Le geste n’est pas la translation d’un mouvement, une décharge musculaire efficace… mais le « geste artisan », la geste, la manière de faire le geste… au-delà d’une dimension technique et efficace. Ce film évoque quelque chose de ça, mais nous ne le voyons pas.

 

  1. – Mais à voir de tels gestes qui sont autres que nos gestes, je ne comprends plus du tout pourquoi vous pouvez prendre ce film comme exemple de l’européanisation. p.102
  2. – Cela n’est pas compréhensible parce que je ne me suis exprimé qu’insuffisamment. Mais pour pouvoir le faire, j’ai justement besoin de votre langue.
  3. – Et vous ne prenez pas garde au péril que cela représente ?
  4. – Peut-être se laisse-t-il conjurer pour quelques instants.

Il y a des gestes retenus, et il y a bien plus que ça. Ça parle de l’européanisation. Ce film est très japonais et très européen… Ce sont les manières d’éprouver qui ouvrent les 2 dimensions… Si on pouvait dire qu’il y a des films qui s’expriment de façon japonaise et d’autres de façon européenne, on pourrait découper ! On serait encore dans la maitrise.

Si tu te sers de ma langue, comment on va faire… puisque tu dis que ça nous met au péril de la représentation… et en même temps tu dis que tu en as besoin… Ce n’est pas la langue qui nous met en péril, c’est l’usage qu’on en fait !

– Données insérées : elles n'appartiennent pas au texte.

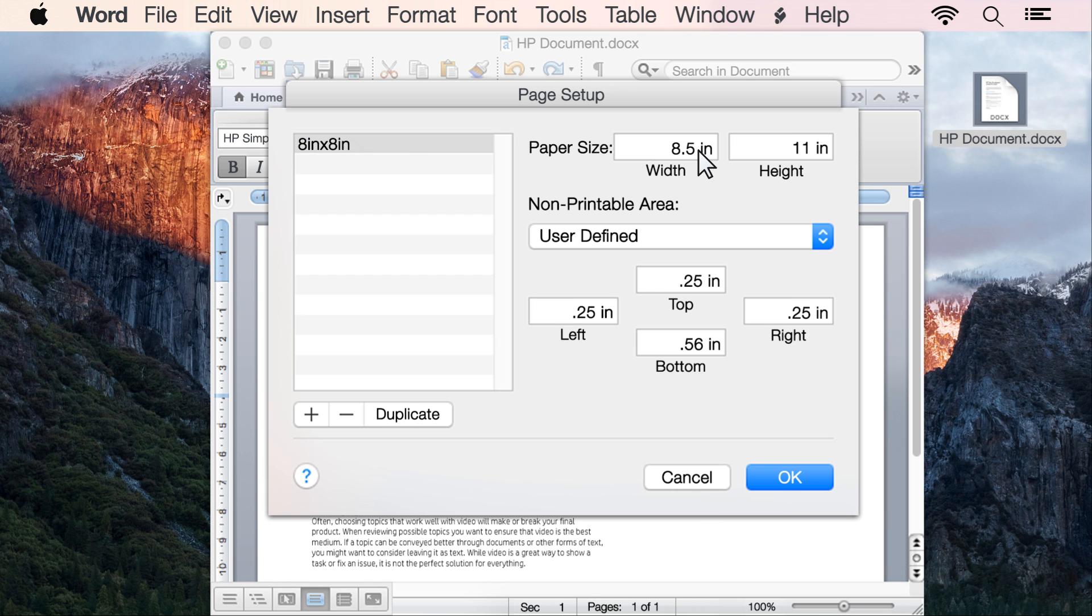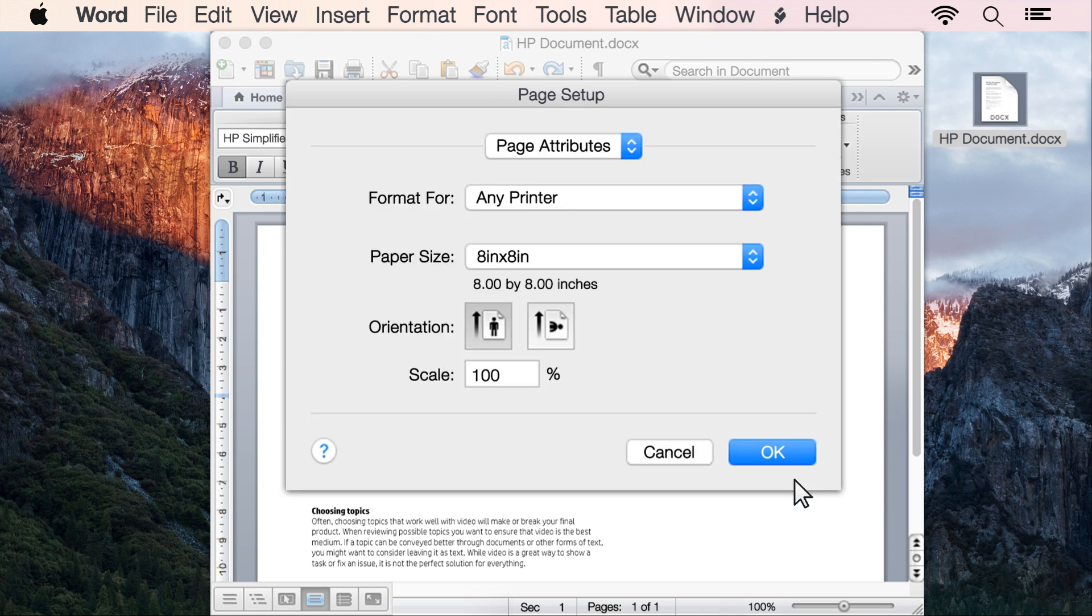Next to Paper Size, type the dimensions of your custom paper size in the width and height text fields. Click OK.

Du point de vue humain, l’ambivalence n’est pas une contradiction mais est le lieu de la présence humaine. Et à la fois j’en ai envie, et  à la fois j’en n’ai pas envie ! Il faut entendre ce que ça donne à éprouver. Du point de vue de l’existence humaine, ce n’est pas contradictoire. C’est subtil !

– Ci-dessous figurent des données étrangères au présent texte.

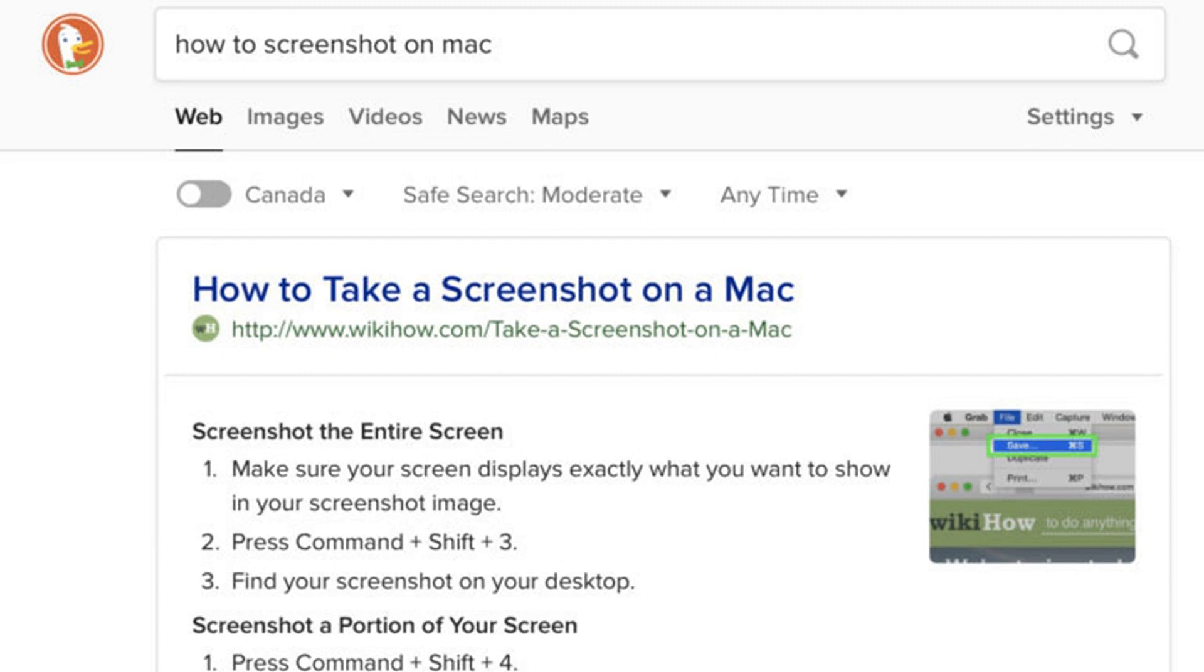All in all, this is a useful addition to DuckDuckGo's search results and shows it's committed to continually improving its product. For more on this story, visit the news article link.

En tant que thérapeute, nous connaissons ça. Ça ne veut pas dire incohérence… mais crise d’existence… A la fois j’ai envie… et je n’ai pas envie, j’ai peur…

On présuppose que notre langue n’est pas bien et la sienne serait mieux ! Mais non, je suis encore en train de penser et de vouloir maitriser, du bien et du pas bien … sans cesse je suis dans ça, d’avoir déjà différentié, écarté, séparé, chercher le différent… plutôt que de prendre en compte le mouvement de rapport et de me tenir dans la mutuelle affection.

On cherche le différent plutôt que le même ! Quand on se fâche, c’est sur la base du même ! Pour qu’il y ait différence, il faut qu’il y ait du commun, sinon on ne peut pas dire qu’il y a du différent…

Le différent fait pousser où il y a de la communauté… sinon comment ça peut se différentier ?

Cherchons la communauté plutôt que là où nous ne sommes pas au même endroit, cherchons où il y a des communs pour accueillir les nuances… C’est savoir comment faire pousser un monde pour des humains… C’est la question de l’humain qui est préoccupante. Donc plutôt que de s’arrêter sur la question et de savoir qui a raison ou tord, cherchons où nous sommes dans la même préoccupation. Ainsi nous pouvons commencer à nous respecter…

Si nous mettons en commun la question de la souffrance humaine, nous n’aurons pas besoin d’ériger des tours et des châteaux… Et de penser que lorsque l’autre pense autrement : il m’agresse, il me fait violence…

La différence est source de peur, on la prend comme une menace…  et on ne supporte plus la différence…

C’est ainsi qu’on peut devenir être accueillant dans notre posture thérapeutique.

On peut se dire qu’il me donne à penser… et que ça nous aide à mieux accompagner les patients. Notre travail est de soigner.